Il decreto 7 giugno 2017, n. 122 emanato dal Ministero dello Sviluppo Economico prevede che, a partire dal 9 settembre 2017, i buoni pasto possono essere utilizzati sia dai dipendente a tempo pieno o a part-time, sia dai collaboratori ai quali l’azienda voglia offrire tale agevolazione per effetto di regolamento o di prassi aziendale. Inoltre:
- l’utilizzo del buono non deve necessariamente avere luogo in un giorno lavorativo ma anche in una giornata non lavorata o festiva;
- è prevista la possibilità dell’uso cumulativo fino ad un massimo di 8 buoni pasto maturati giornalmente. Il titolare dei buoni (dipendente o collaboratore) può effettuare un acquisto di alimenti e bevande dando in cambio al massimo 8 buoni;
- sono individuati gli esercizi convenzionati presso i quali può essere utilizzato il buono: bar, ristoranti, trattorie, esercizi ambulanti, esercizi al dettaglio che vendono prodotti alimentari, supermercati, agriturismi e ittiturismi.
Non sono stati modificati i limiti di esenzione da imposte e contributi che rimangono quelli fissati dall’art. 51 del TUIR: fino a 5,29 euro per i buoni cartacei e fino a 7,00 euro per i buoni elettronici.

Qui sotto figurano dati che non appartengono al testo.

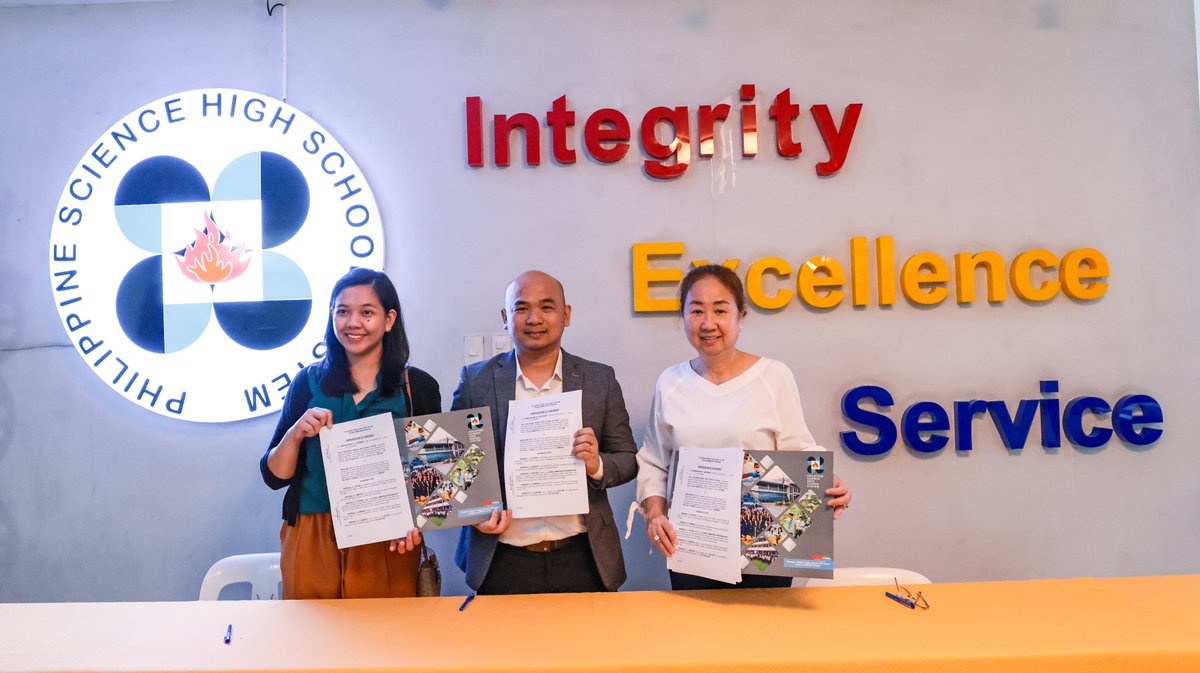 PSHS_System's tweet image. The Office of the Executive Director sealed the partnership between the DOST-Philippine Science High School System and the 𝗡𝗮𝗻𝗼𝗹𝗮𝗯𝘀 𝗟𝗥𝗖 𝗖𝗼. 𝗟𝘁𝗱 for the 𝗦𝗰𝗶𝗲𝗻𝗰𝗲 𝗜𝗺𝗺𝗲𝗿𝘀𝗶𝗼𝗻 𝗣𝗿𝗼𝗴𝗿𝗮𝗺 (𝗦𝗜𝗣). #HusayPisay #partnership #Nanolabs #OneDOST4U #STEM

La modifica, per Daniele Mariani Presidente provinciale FIESA, snatura la norma che mira a dare un trattamento fiscale di favore alla materia, per i lavoratori che li utilizzano in sostituzione del servizio mensa, dunque, nei pressi dei rispettivi luoghi di lavoro e negli orari della pausa pranzo. “La cumulabilità ne stravolge il contenuto. Perché consente la possibilità di utilizzarli per fare acquisti, anche in tempi differiti rispetto alla consumazione del pasto sostitutivo al servizio mensa, di prodotti destinati non al consumo immediato”.

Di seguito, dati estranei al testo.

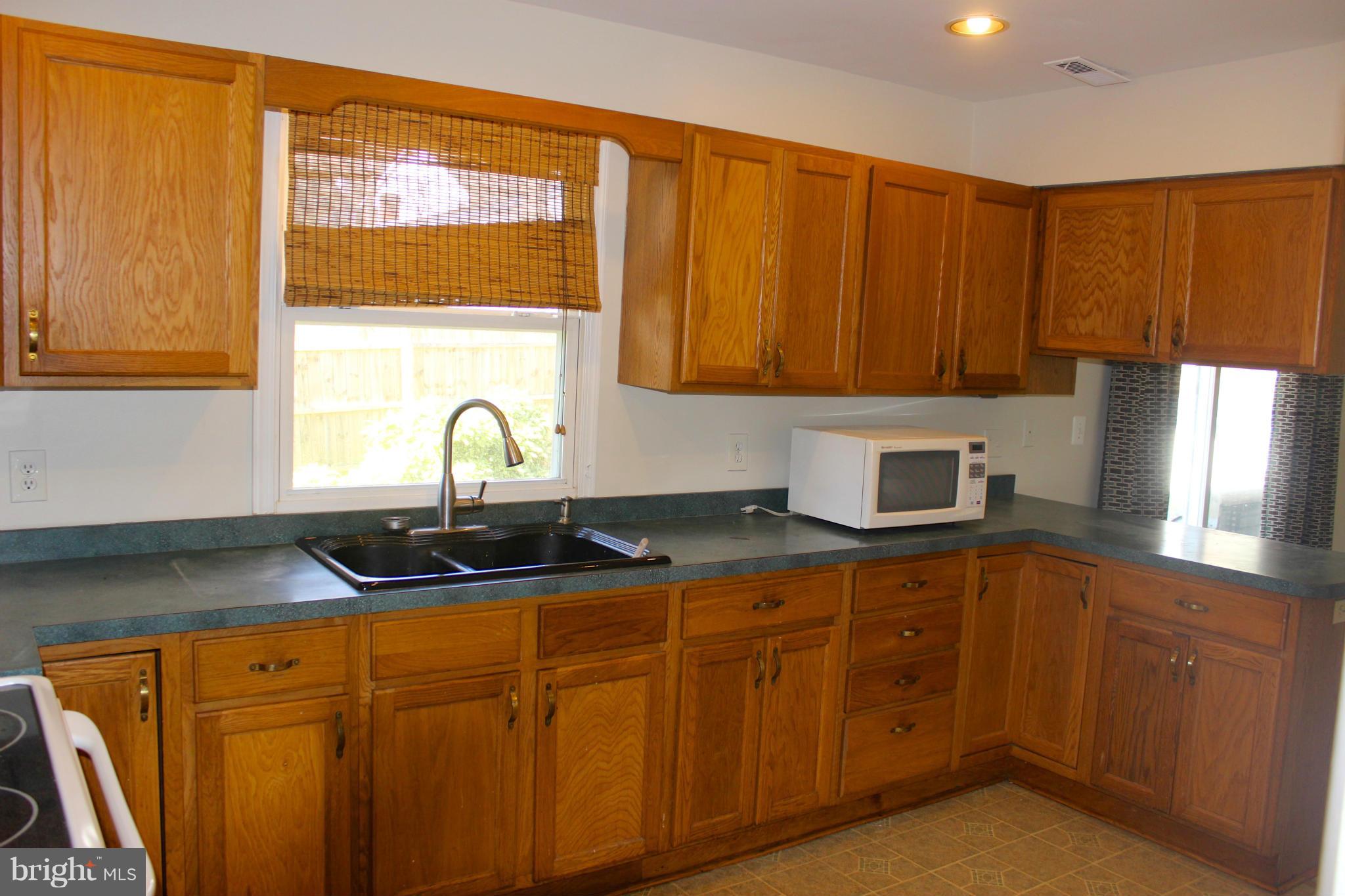 SELBY HEIGHTS - Residential Lease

“Quanto deciso dal MiSE – fa notare Gianfranco Zinani, Presidente provinciale FIPET – rischia di creare nuove ulteriori problemi alla categoria dei pubblici esercizi perché trasforma di fatto i buoni pasto in buoni acquisto, allontanando sempre più clienti da ristoranti, bar e tutte le attività di somministrazione. Il buono pasto è nato come servizio sostitutivo alla mensa e così deve restare. Pena, la messa in difficoltà di una categoria che solo ora, anche in ambito locale inizia nuovamente a crescere dopo anni di crisi. Va inoltre evidenziato che, tra sconti diversi, tempi di pagamento allungati ed altri costi accessori, la gestione dei buoni pasto ha complicato enormemente la vita dei pubblici esercizi”.